In the areas they began to control, the transformation was immediate and brutal. Women who were not wearing hijab were attacked in the street. Men caught drinking alcohol had their hands cut off. Shops were forced to close during prayer time. For a young man raised in a secular society where a mosque, a church, and a bar could all stand on the same street, it was unimaginable.

This was not the revolution Syrians had asked for. And it was being imposed on them from the outside.

A War Fought with Lies

It is not just bombs that destroy a country. It is the lies that justify them.

On the front lines, a strange pattern emerged. In areas retaken from extremist groups, Syrian soldiers found American-made weapons. The official narrative from the West, that they were fighting terror, did not match the reality on the ground.

For Treka, the conclusion was inescapable.

The same powers that claimed to be saving Syria were pouring fuel on its fire.

When that failed, another war began. A slower, quieter, and perhaps more brutal one.

A Slower Kind of Death

Economic sanctions.

To the world, it sounds like a peaceful alternative to war. A diplomatic tool.
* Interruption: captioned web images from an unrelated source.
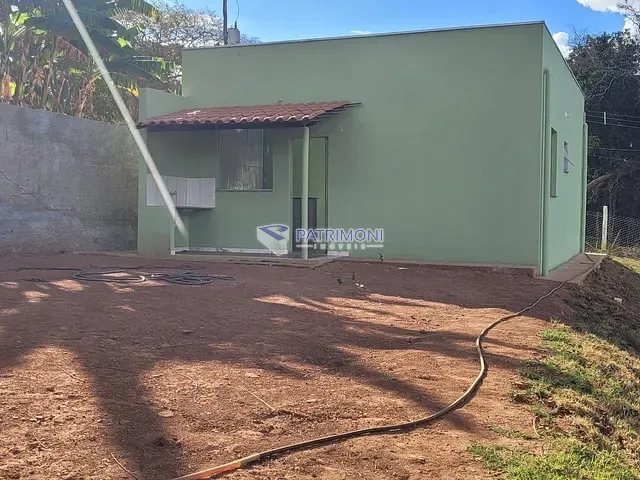 Casa com 90m² 2 quartos e 1 banheiro, à venda, no bairro Vila Maria Regina em Juatuba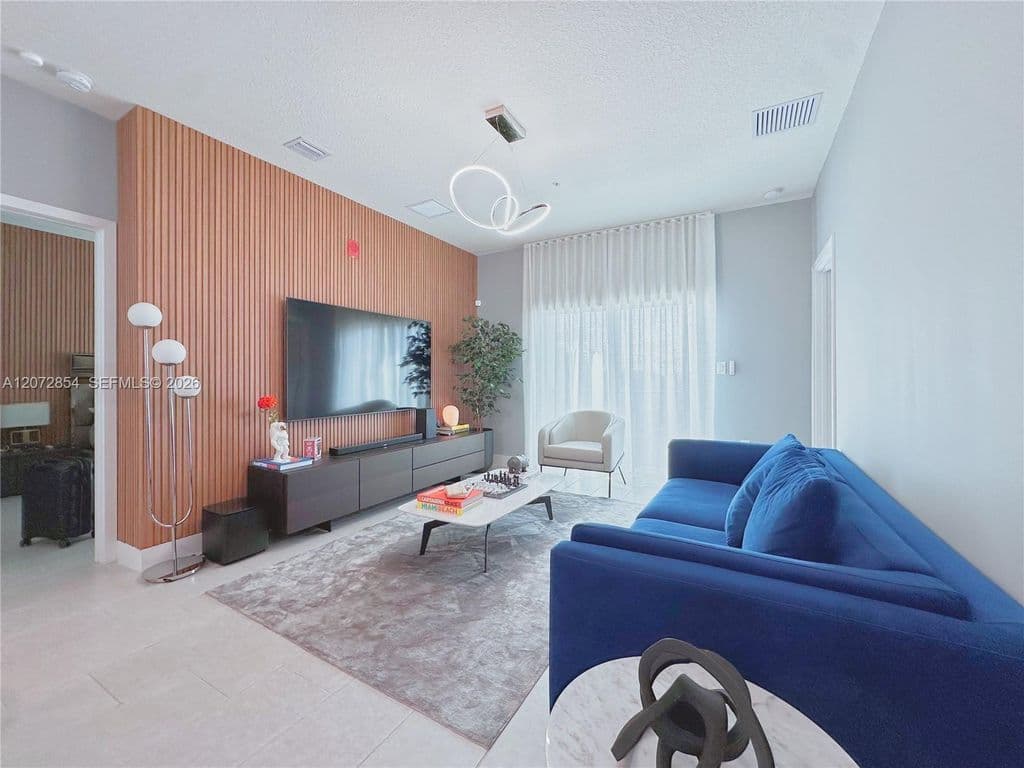 2+1 Condo — 8167 NW 41st St #E-410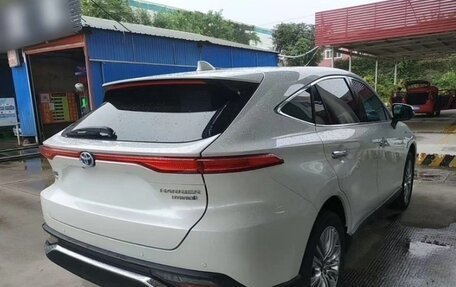 Toyota Harrier, 2021 год, 4 830 000 рублей, 5 фотография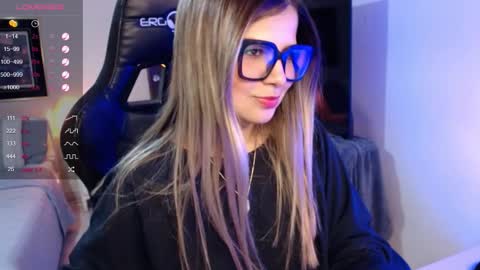 Snapshot of avrill_morgan chatting on 10-12-25, 08:41 Avrill Morgan online show from 10-12-25, 08:41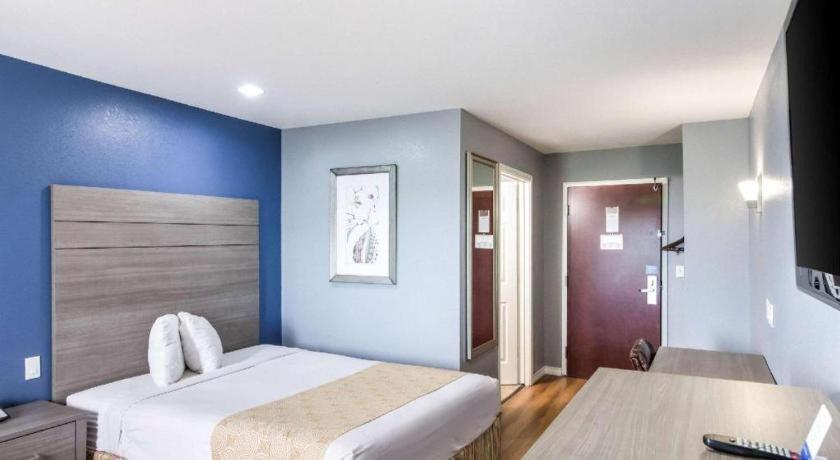 Rodeway Inn & Suites Port Arthur - Groves Екстер'єр фото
For the people living under them, it is something else entirely.

“Economic sanctions are worse than bombs,” Treka says. “With a bomb, you die in an instant. With sanctions, they’re killing you slowly, day after day.”
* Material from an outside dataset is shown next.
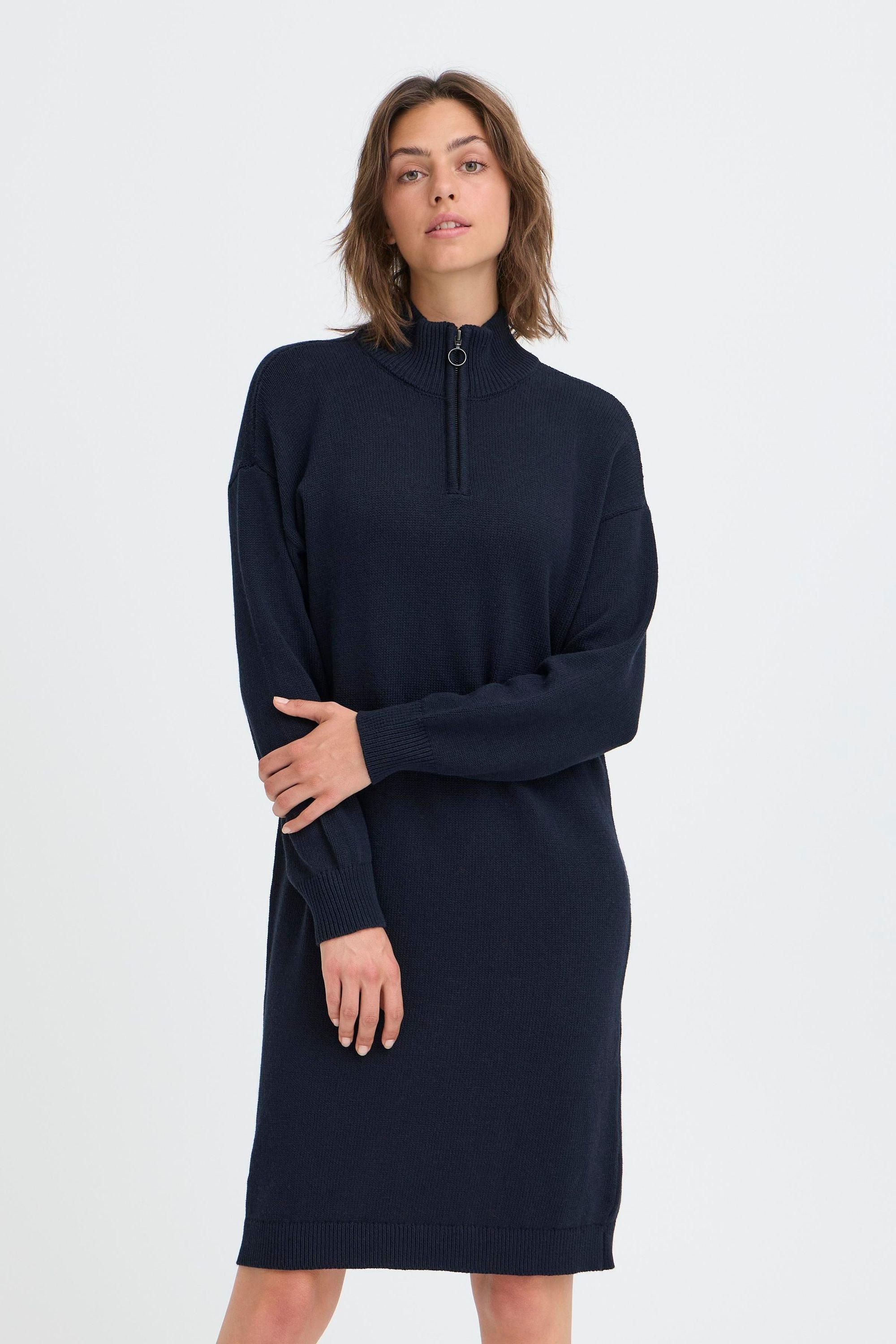 OXMO Strickkleid OXFSANVA DR 1 Modisches Troyer-Strickleid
He describes working three jobs and still not having enough to survive. A country being suffocated. A population pushed to the breaking point. He's right: According to Unicef around 90 percent of Syrians live below the poverty line. Most struggle to cover daily expenses or put enough food on the table. Households have exhausted their savings and assets. Jobs are scarce, prices for essentials have shot up, and basic goods remain in short supply.

It is a war fought not on the battlefield, but in the banks, in the ports, and in the empty cupboards of ordinary families.

The Truth Is Not an Insult

From the rubble of Damascus, Treka watched the world. He began speaking up. He saw the refugee crisis in Europe, and he speaks with a clarity that is often missing from the debate, the clarity of someone who has earned the right to be honest.

He saw his own people fleeing a war, but he also saw others who were not Syrian claiming to be, exploiting a system meant for the desperate. And for those who were granted refuge, he believes in responsibility.

To be granted asylum is a gift, not a right without obligation. He argues that to fail to integrate, to learn the language, to contribute, or worse, to commit crimes, is a betrayal of the country that welcomed you. For Treka, the consequence is simple: you should be sent back.

“There’s nothing racist about it,” he insists. It is not an attack on migrants; it is an argument for accountability. A belief that actions should have consequences, and that to say so is not an insult, but a basic requirement for a functioning society.

A Life Rebuilt

The questions Treka brings up is bigger than Syria. Bigger than geopolitics. Bigger than any single narrative.

It is about what happens to a person who survives it all.

After a decade of war, Treka escaped. Across the border to Lebanon, and from there, onwards. He lives in Lagos, Nigeria now. A comedian. An activist. A survivor.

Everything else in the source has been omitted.